Extracted information —
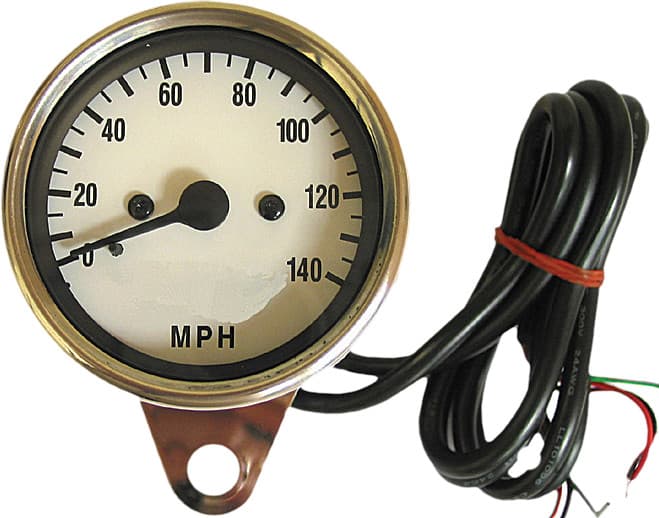 HardDrive Mini Electronic Speedometer White Faced LED Lights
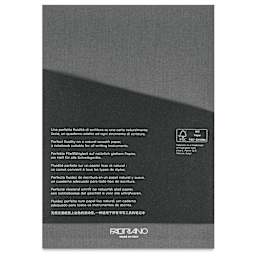 Fabriano Ecoqua Plus Glue-Bound Notebook - Grey, 8-1/4" x 11-7/10", Lined, back cover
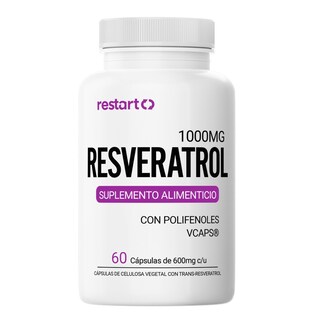 Foto 1 | Foto 1 | Suplemento Alimenticio Restart Resveratrol Trans 60 Cápsulas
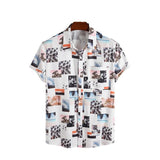 Men's Casual High Street Hawaiian Flower Shirt Full Print - AL MONI EXPRESS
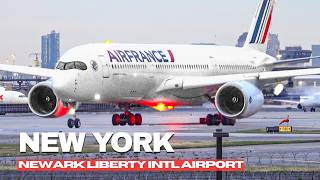 🇺🇸 NEWARK Plane Spotting Madness! Widebodies, Roars & Action ✈️ (EWR/KEWR)
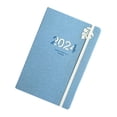 thumbnail image 2 of Cuaderno Planificador 2024, Cuaderno con Lista de Tareas Pendientes, Organizador de Gestión Del Tiempo, Cubierta de PU, Planificador Mensual, 156 Hoja , azul, 2 of 8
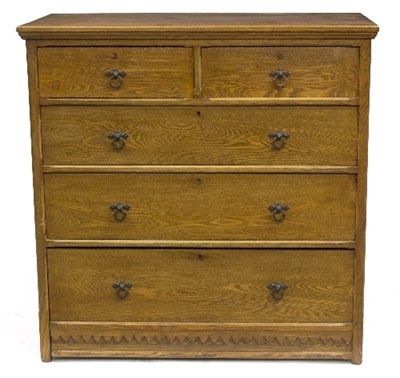 Lot 1116 - A Victorian elm chest, two short over three...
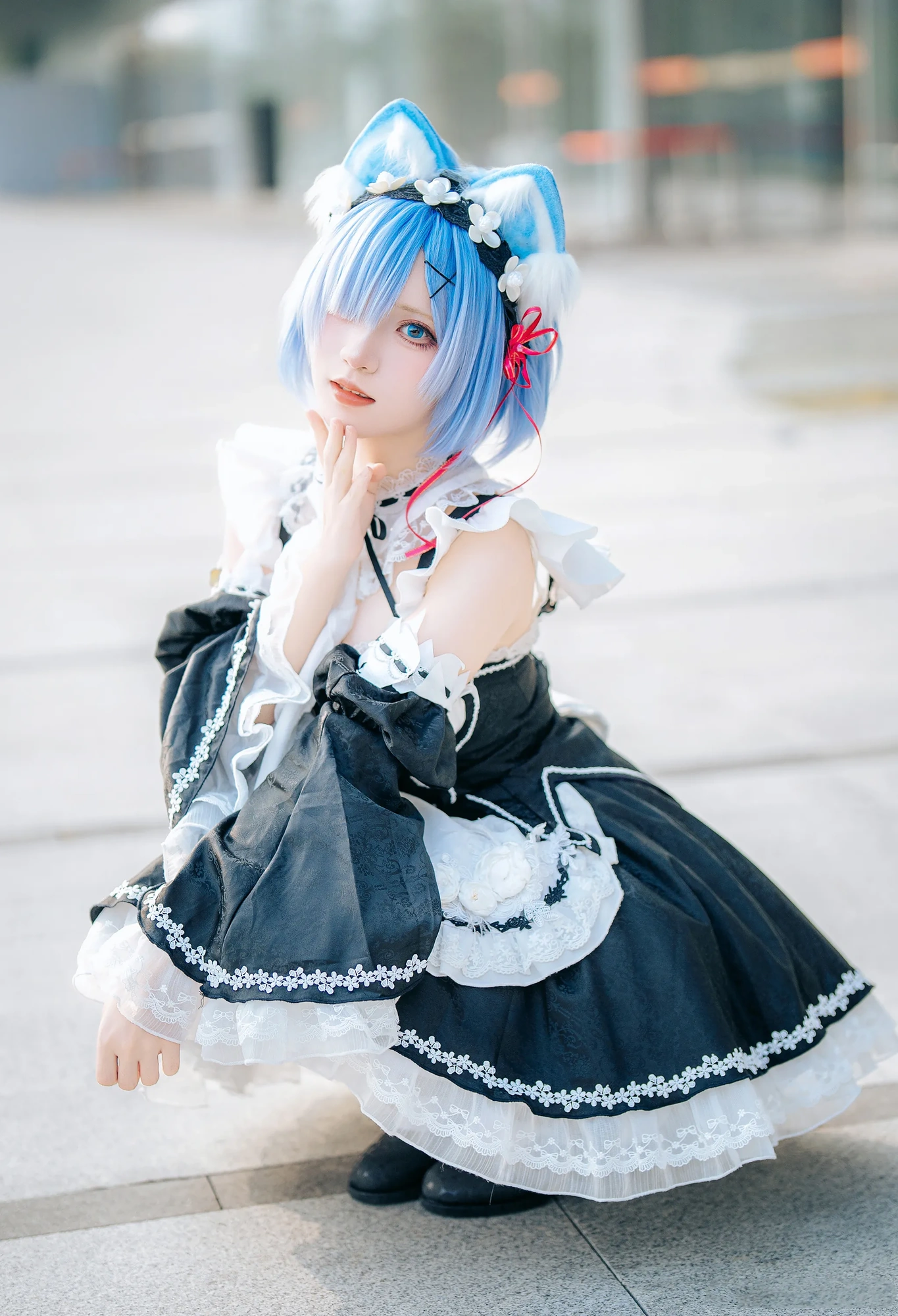 cos_花柒Hana_NO.040-萤火虫动漫嘉年华-猫猫蕾姆0096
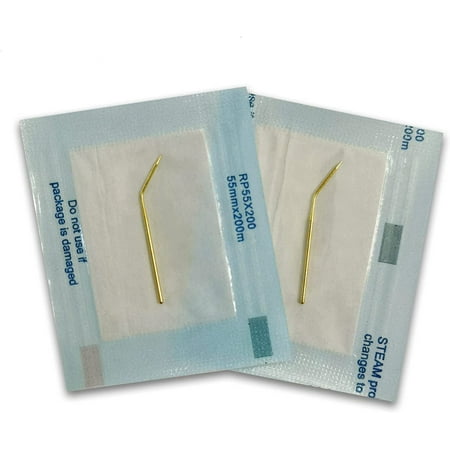 QiQibaby Fibroblast 5pcs Gold Bent Cuved Copper Needles - 2nd Generation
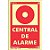 PLACA ALARME 18X12 PVC MATERIAL CORTANTE 4 FUROS 1MM DIGIPLACAS - Imagem 1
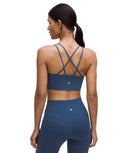 Like a Cloud Longline Bra Light Support Blue Twill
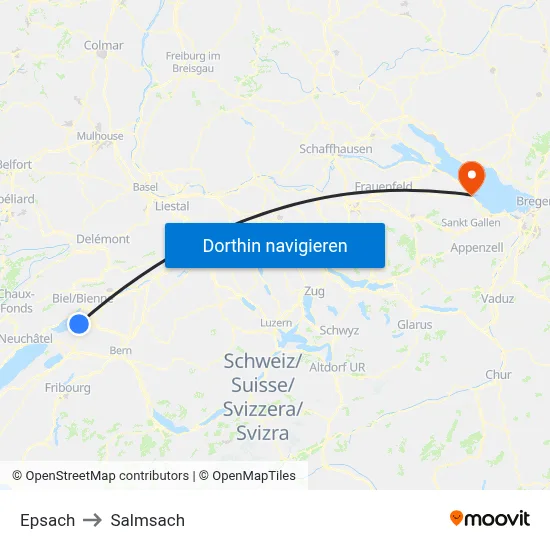 Epsach to Salmsach map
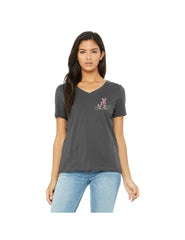 Bama Belle - Women’s Relaxed Jersey V-Neck Tee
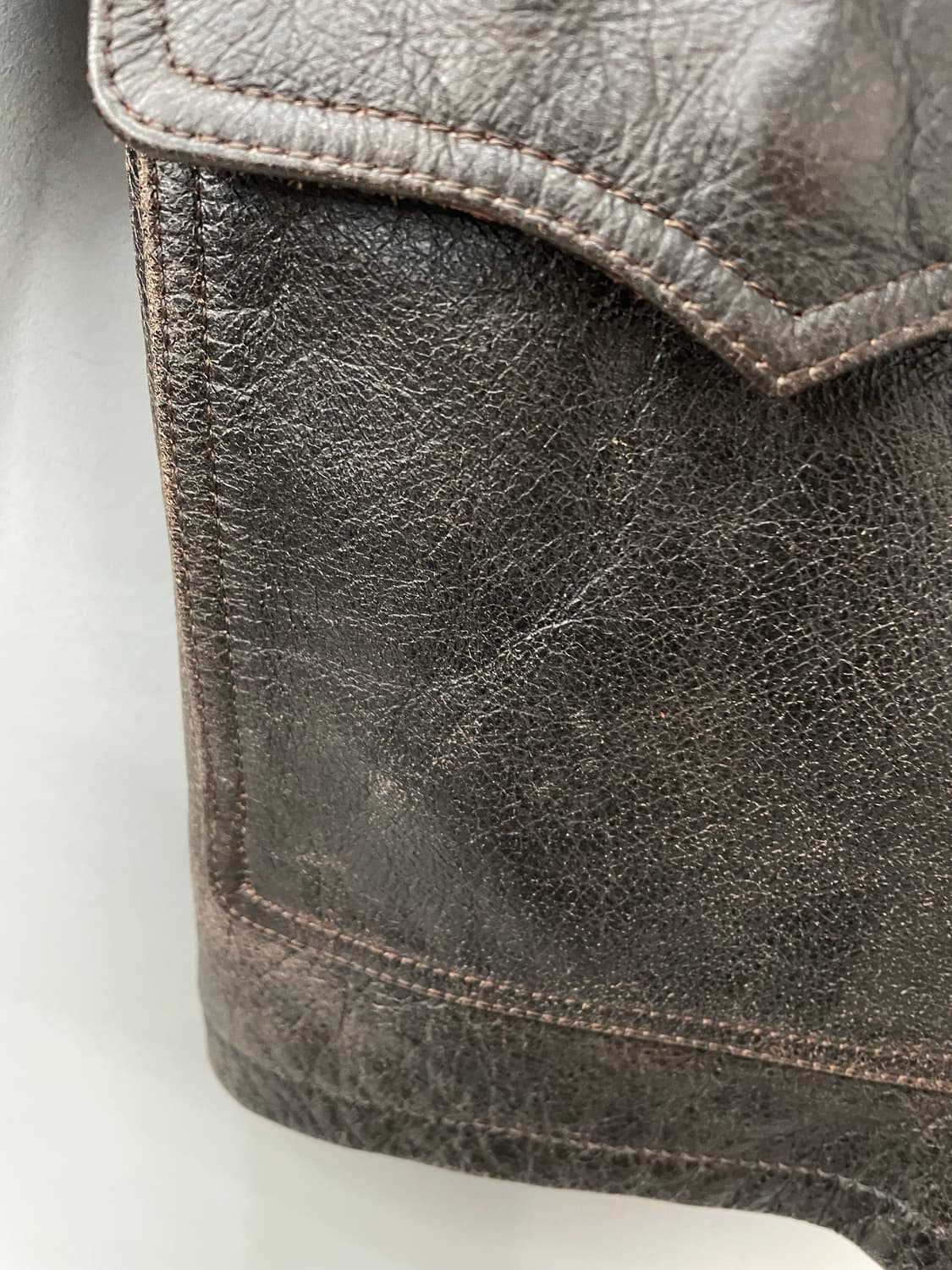 빈티지 커피 레더 포켓 자켓 H2121 상품이미지5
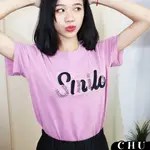 CHU FASHION SMILE刺繡釘珠上衣 正韓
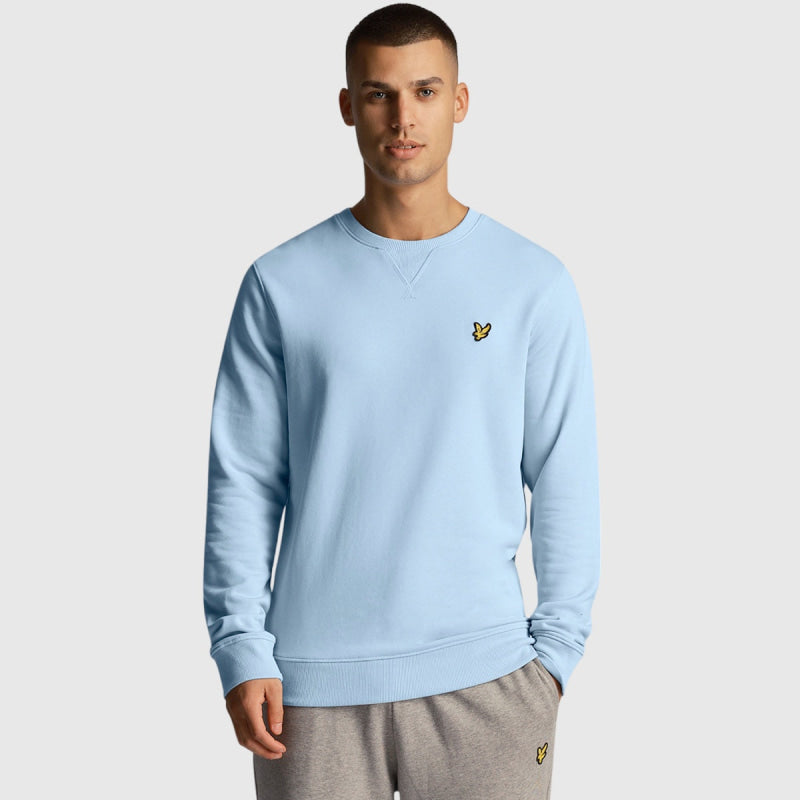 ml424vog-w487 Lyle & Scott Crew Neck Sweatshirt M T-Shirtscrew neck sweatshirt lyle & scott sweater light blue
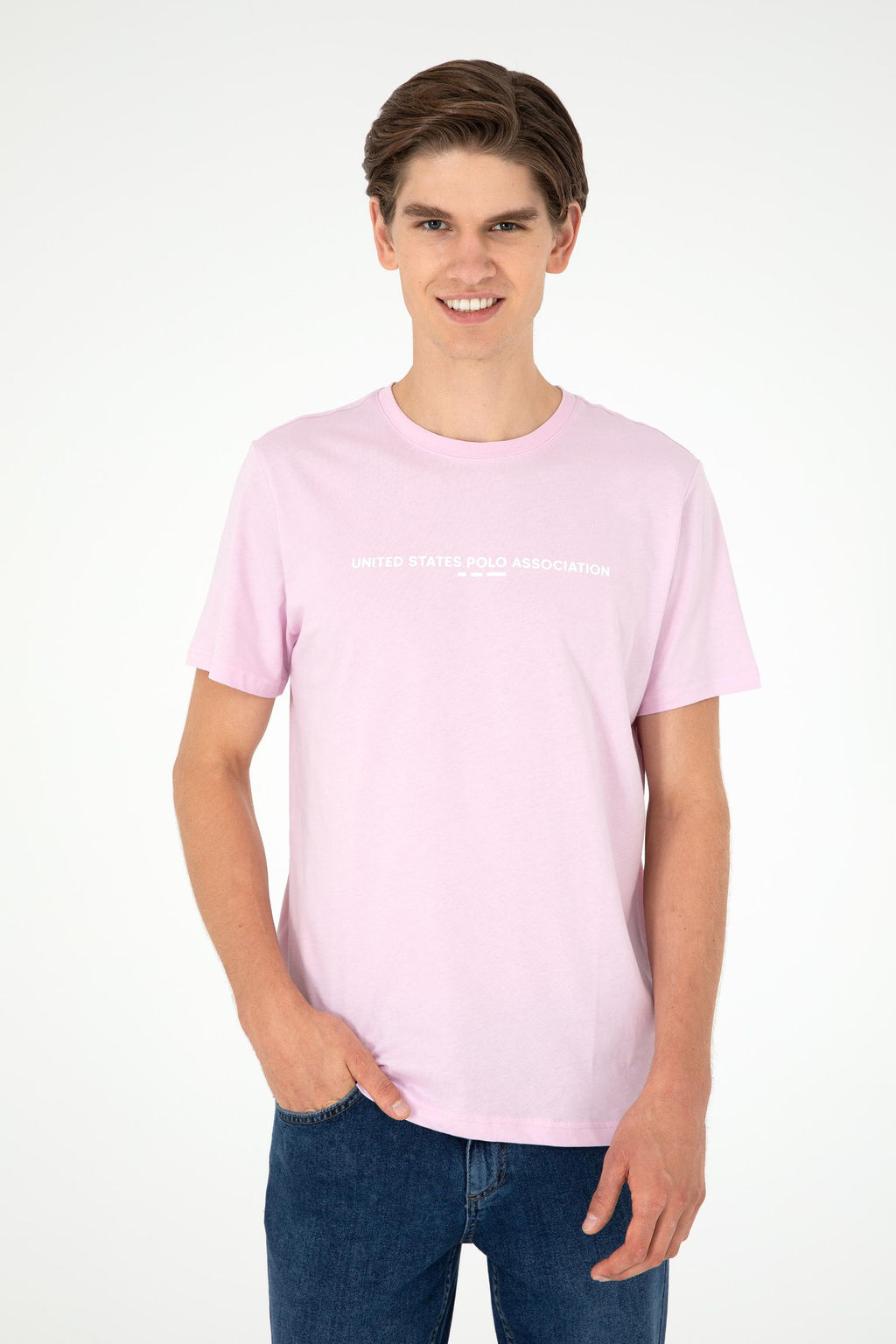 Мужская розовая футболка - U.s. polo assn фото 3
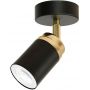 Luminex Reno 5163 lampa podsufitowa 1x8 W czarna zdj.1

Your goal —
Return the material line for line, from its beginning to the line that contains "Men's Casual High", with the pictures left out.

Task response —
 HardDrive Mini Electronic Speedometer White Faced LED Lights
 Fabriano Ecoqua Plus Glue-Bound Notebook - Grey, 8-1/4" x 11-7/10", Lined, back cover
 Foto 1 | Foto 1 | Suplemento Alimenticio Restart Resveratrol Trans 60 Cápsulas
 Men's Casual High Street Hawaiian Flower Shirt Full Print - AL MONI EXPRESS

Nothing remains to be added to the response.